Monday, March 31, 2014

Just Visiting

Friday night we arrived in West Lafayette. Here's what we've been eating as we visit our relatives.
My sister Elaine had made a splendid Julia Child ragout with potatoes and greenbeans to
start our entertaining weekend.
After a day of birdwatching at the rather cold Celery Bog and near the Wabash,
we went to dinner at a nicely decorated Thai restaurant with Elaine, Larry,
and their friends David, and Jenny.
The appetizers were quite delicate. All the dishes were spiced deliciously.
I asked to see a kaffir lime leaf, which was listed as the spice in one or two dishes.
They brought this one. It smells citrusy and tastes like lemon and citronella.
I don't think the flavor was in anything we ordered,
but we loved the duck, mango fried rice, several other dishes, and the dessert of mango mousse. 
We arrived in St.Louis Sunday afternoon, and went to the famous "Hill" Italian
neighborhood for dinner with Len's sister Ruby and brother-in-law Jay.

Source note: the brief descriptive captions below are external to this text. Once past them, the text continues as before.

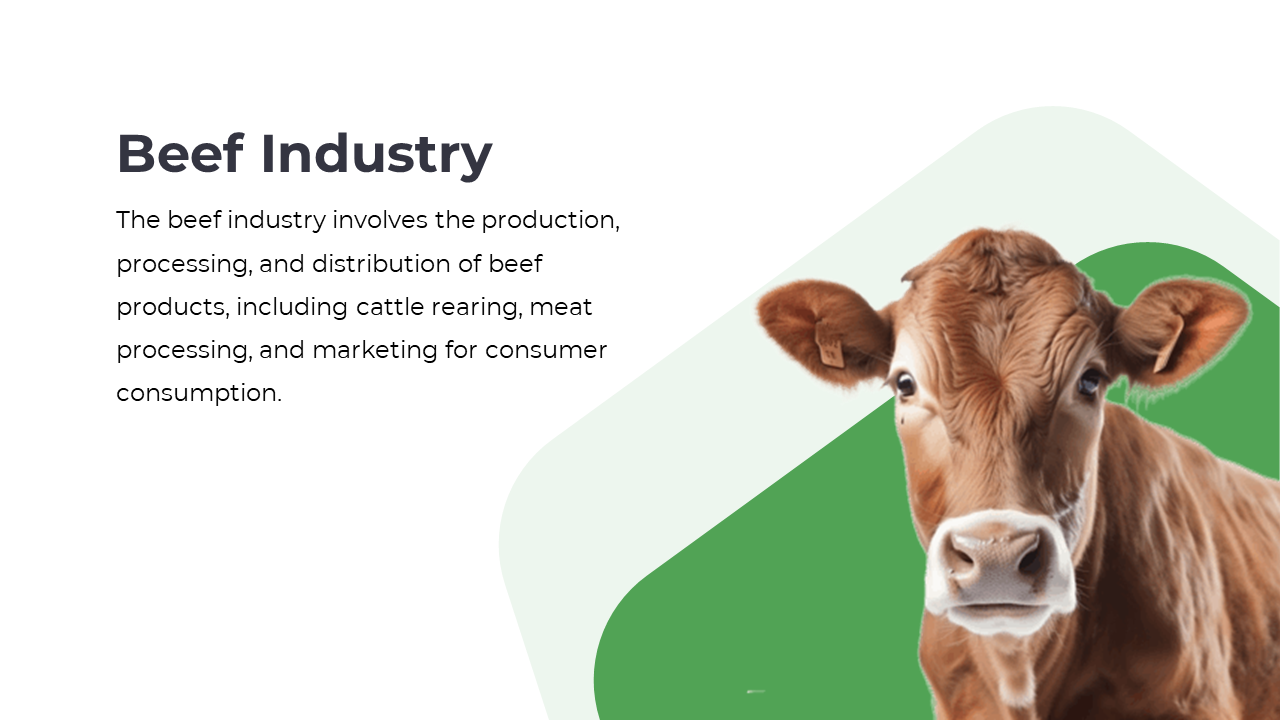 Slide shows a close up of a brown cow on the right with ear tags, placed over abstract green shapes beside text.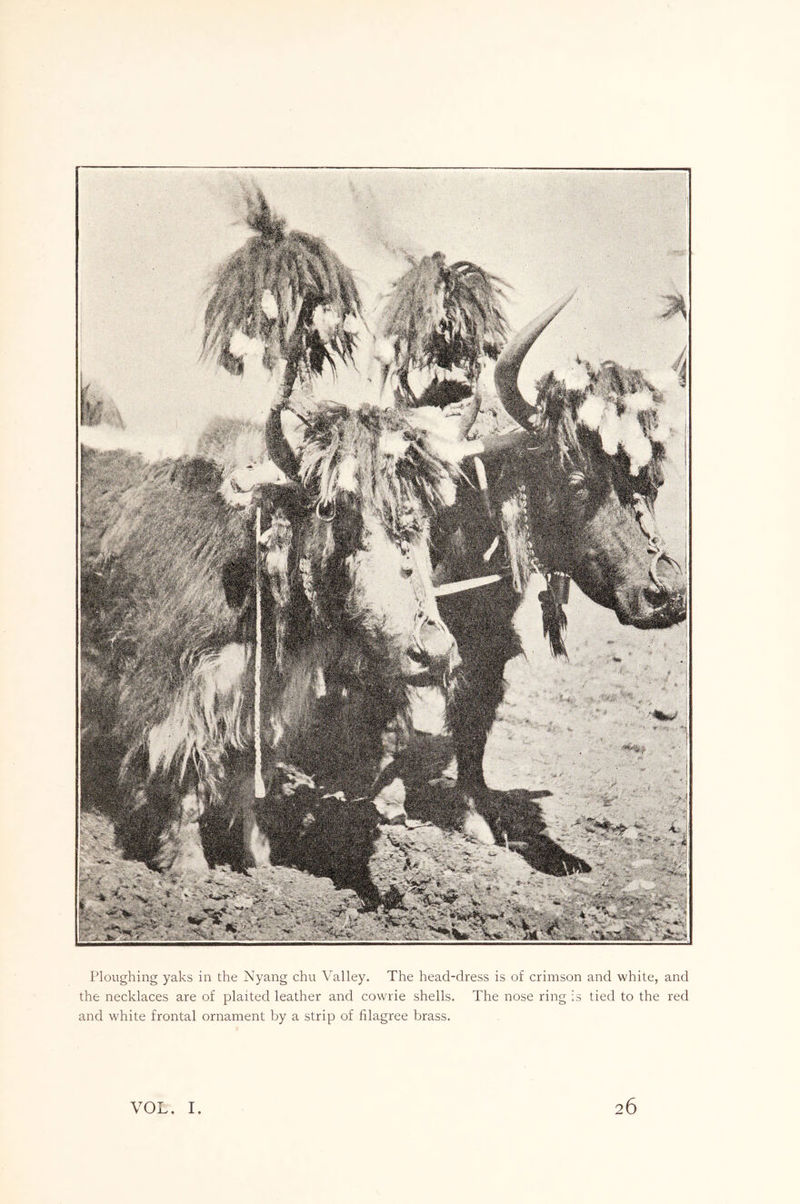 Ploughing yaks in the Nyang chu Valley. The head-dress is of crimson and white, and the necklaces are of plaited leather and cowrie shells. The nose ring is tied to the red and white frontal ornament by a strip of filagree brass. VOL I 26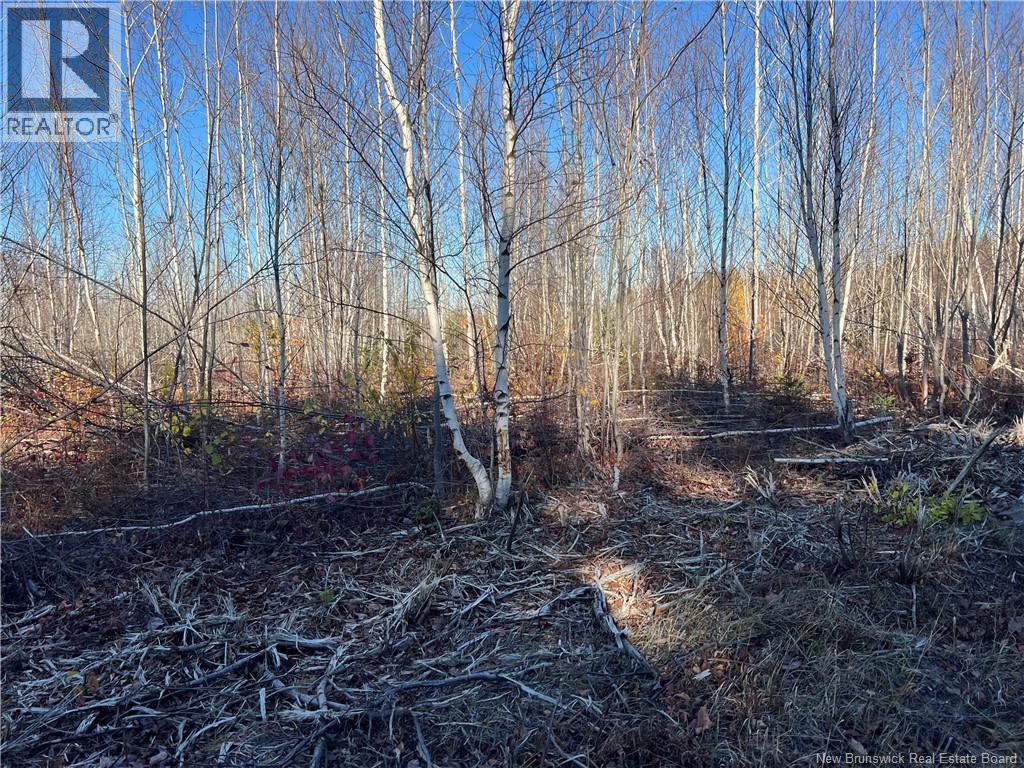 Lot 21 Fishing Club Road, Bass River, New Brunswick E4T 1H1 - Photo 7 - NB115970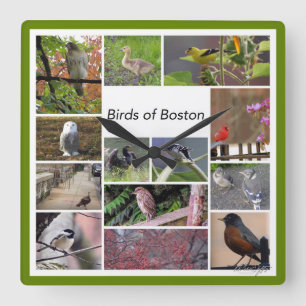 Vogels van Boston Photo Collage Vierkante Klok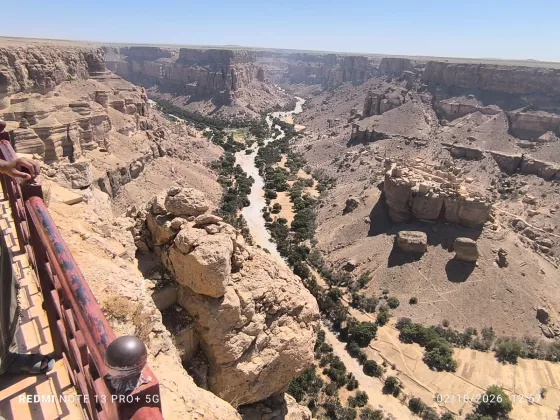 Tarim Tanah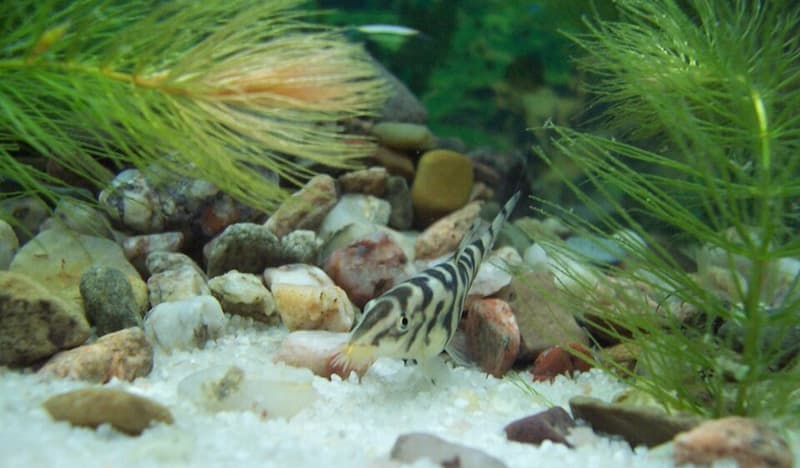 Yoyo Loach (Botia almorhae) — photo 1 of 4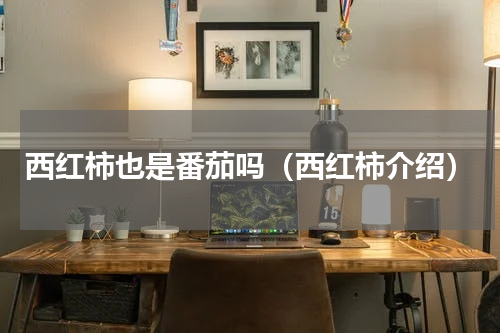 西红柿也是番茄吗（西红柿介绍）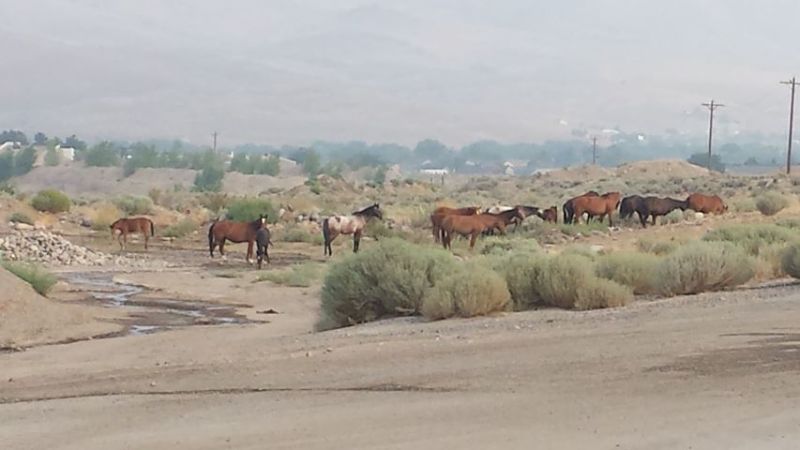 17 horses were rounded up on Tuesday, and another is planned for Friday. Photo by Jennifer Dowdle McAviney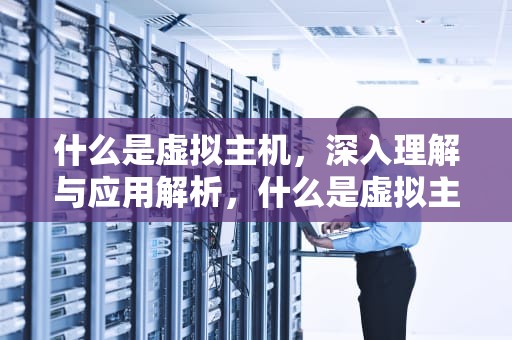 什么是虚拟主机，深入理解与应用解析，什么是虚拟主机?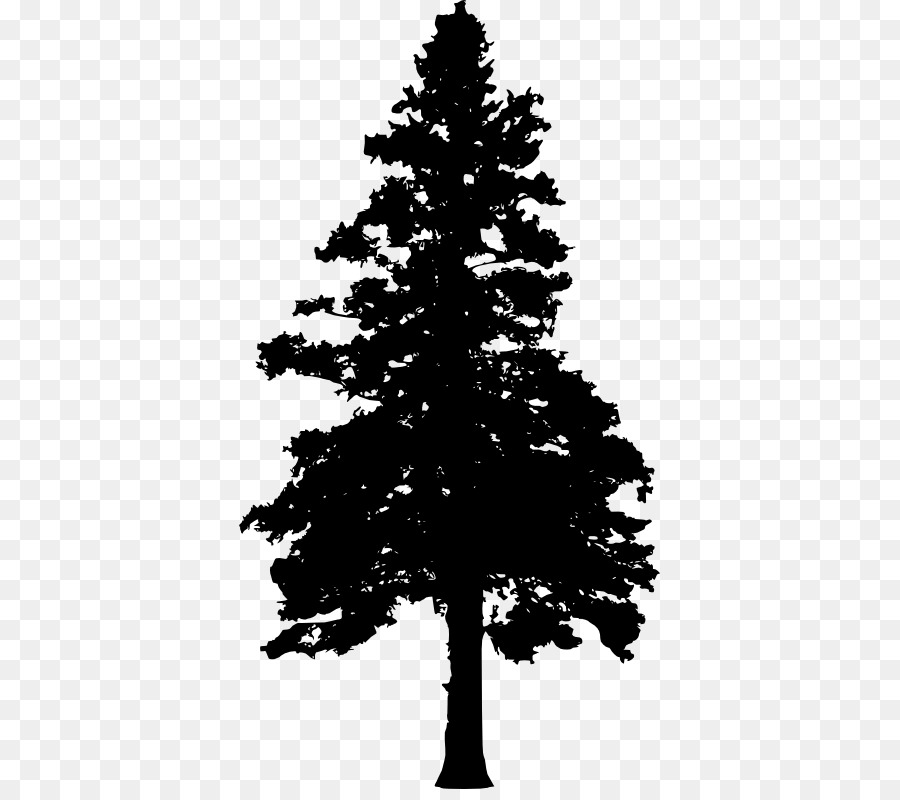 Pine Tree Evergreen Clip art - tree png download - 421*789 - Free Transparent Pine png Download.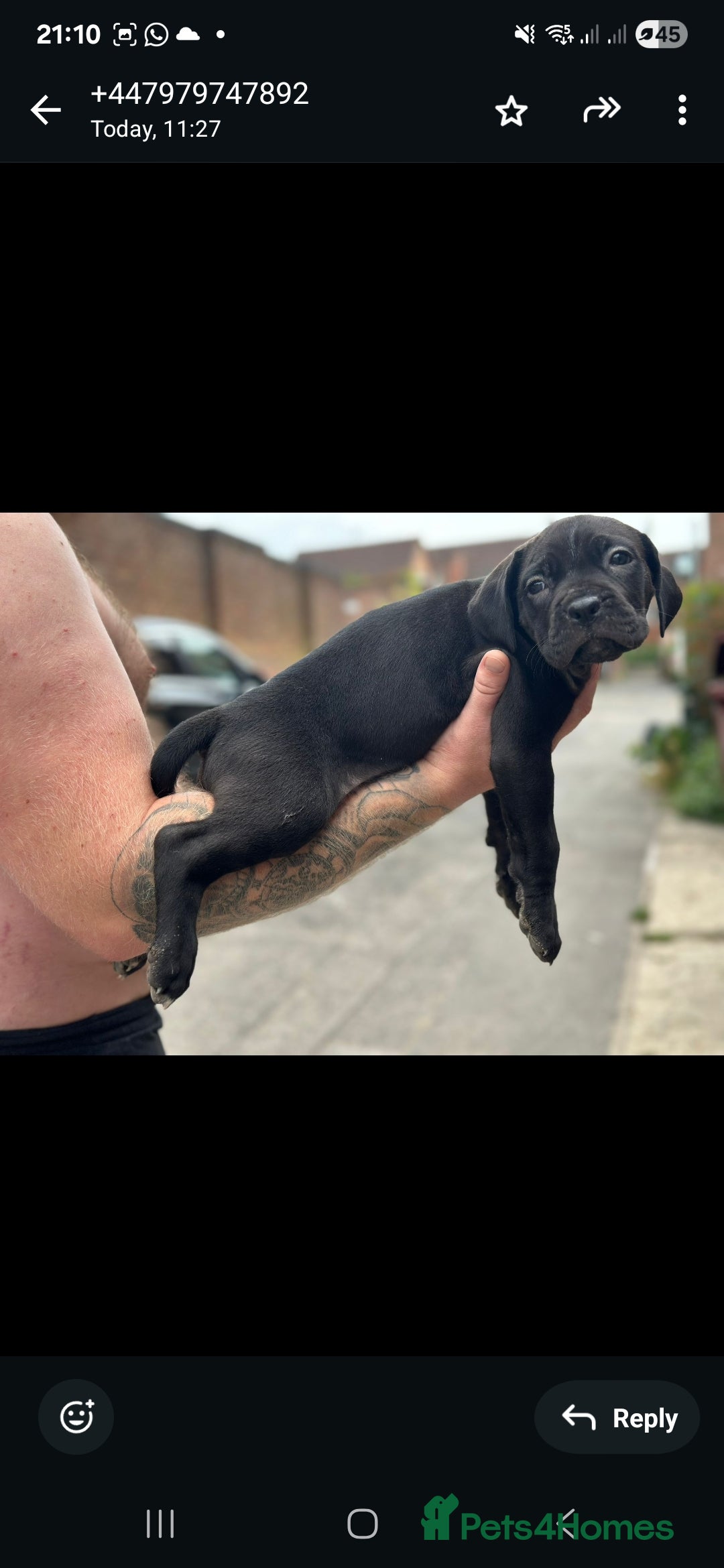 Cane Corso dogs for sale: Last 3 of the 10 cane cane corso puppys left  - Image 5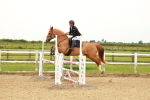 SBM_001497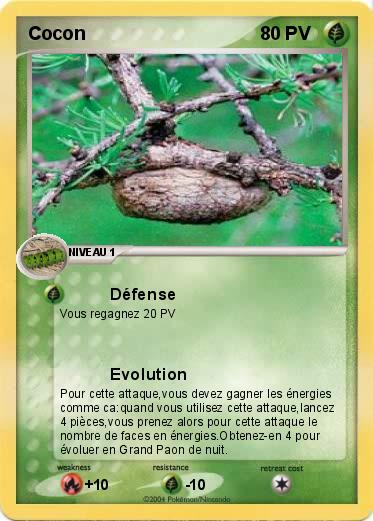 Pokemon Cocon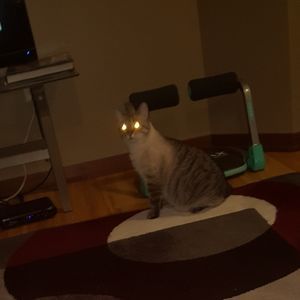 Meet your Posher, Robin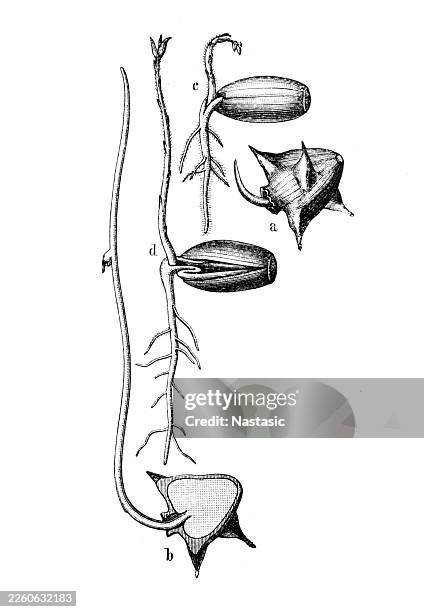 special forms of germination - custard stock illustrations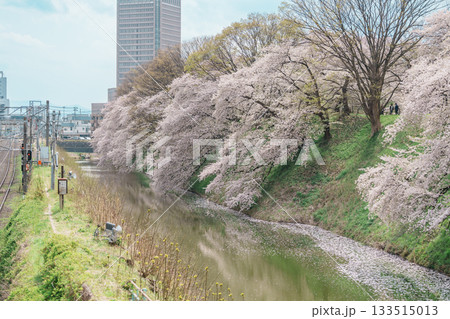Railway and Kajo Park Yamagata Castle Ruins with Sakura Cherry Blossom in Spring season, famous landmark in Yamagata prefecture, Tohoku, Japan. Travel and Vacation in Japan concept Railway and Kajo Park Yamagata Castle Ruins with Sakura Cherry Blossom in Spring season, famous landmark in Yamagata prefecture, Tohoku, Japan. Travel and Vacation in Japan concept 133515013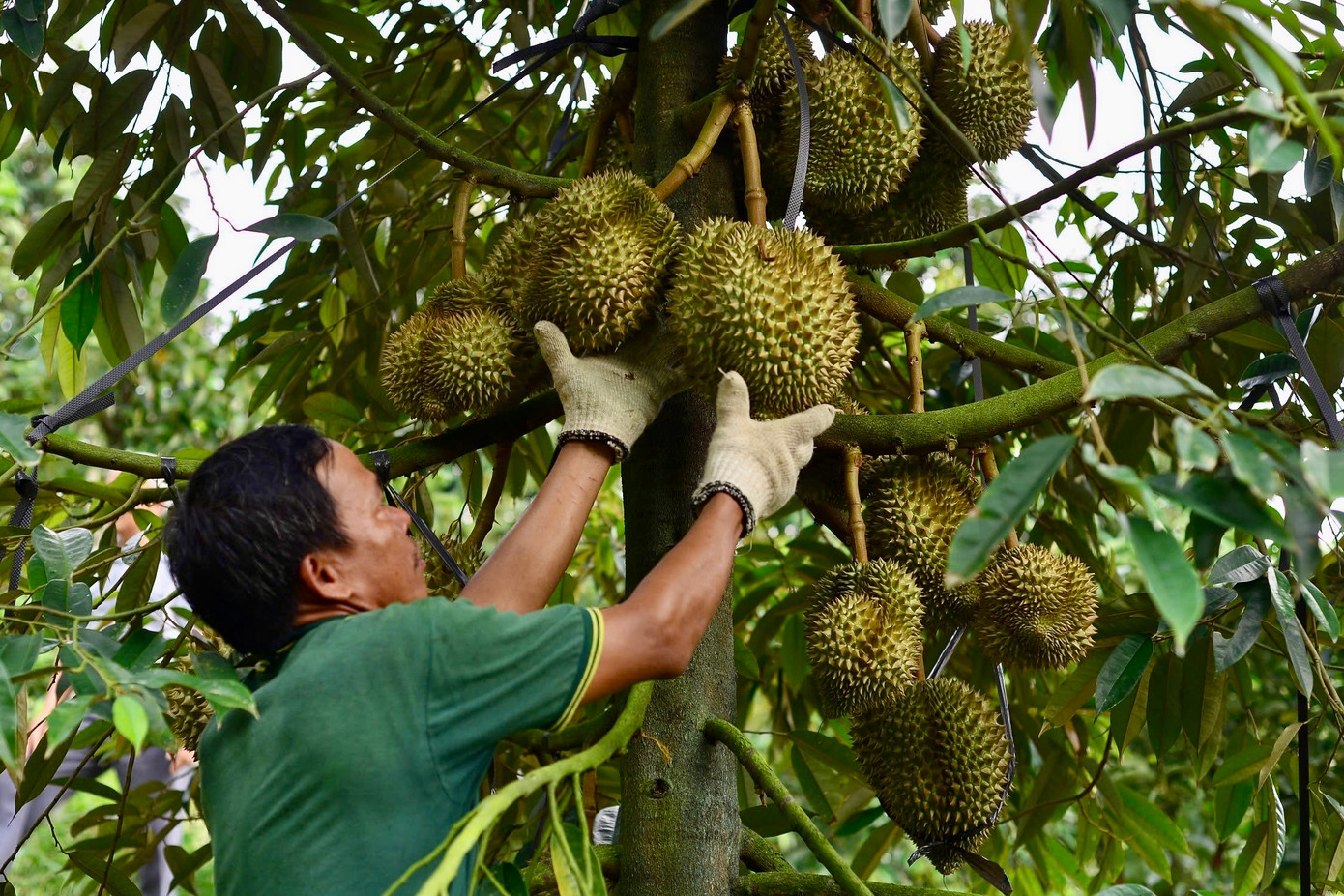Toàn tỉnh Lâm Đồng hiện có hơn 25.600ha sầu riêng, sản lượng mỗi năm đạt khoảng 175.000 tấn. Toàn tỉnh Lâm Đồng hiện có hơn 25.600ha sầu riêng, sản lượng mỗi năm đạt khoảng 175.000 tấn.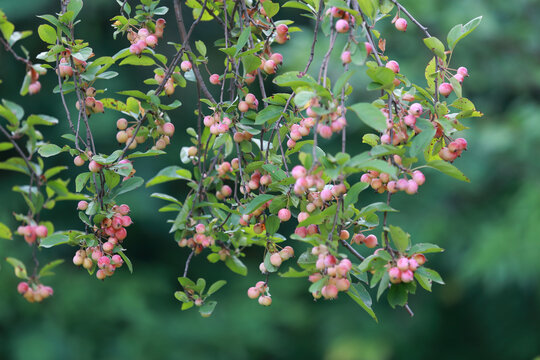 褐花苹果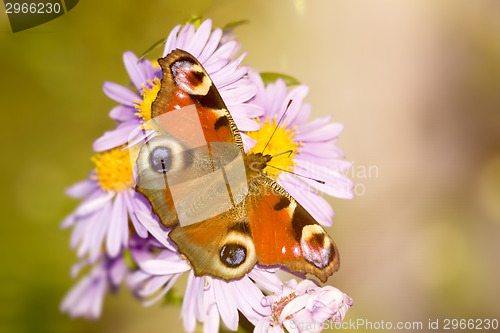 Image of butterfly Aglais io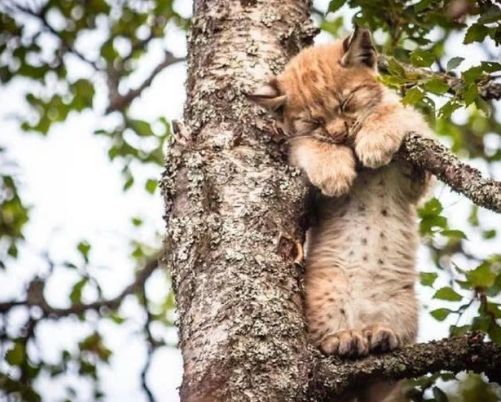 这只"猫猫"应该是困了,正趴在树上睡觉呢.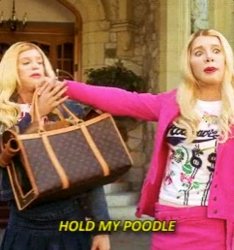 donde estan las rubias where are the blondes Meme Template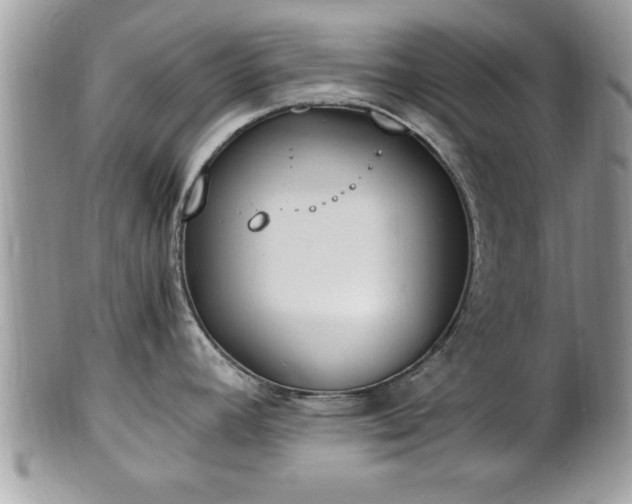 X0000101191392200807071304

Finally as we were leaving Indiana we found beautiful sunshine, warm temperatures,
and fields with tiny green plants! It is beautiful here.
The famous St.Louis Italian signature dish: toasted ravioli!
A muskrat in the celery bog. I'll leave all the bird photos to Lenny.
We'll be in St.Louis a couple of days, then head onward towards Santa Barbara. We are so glad to be finished with winter at least for the moment, and hope to avoid bad weather as we continue across the country.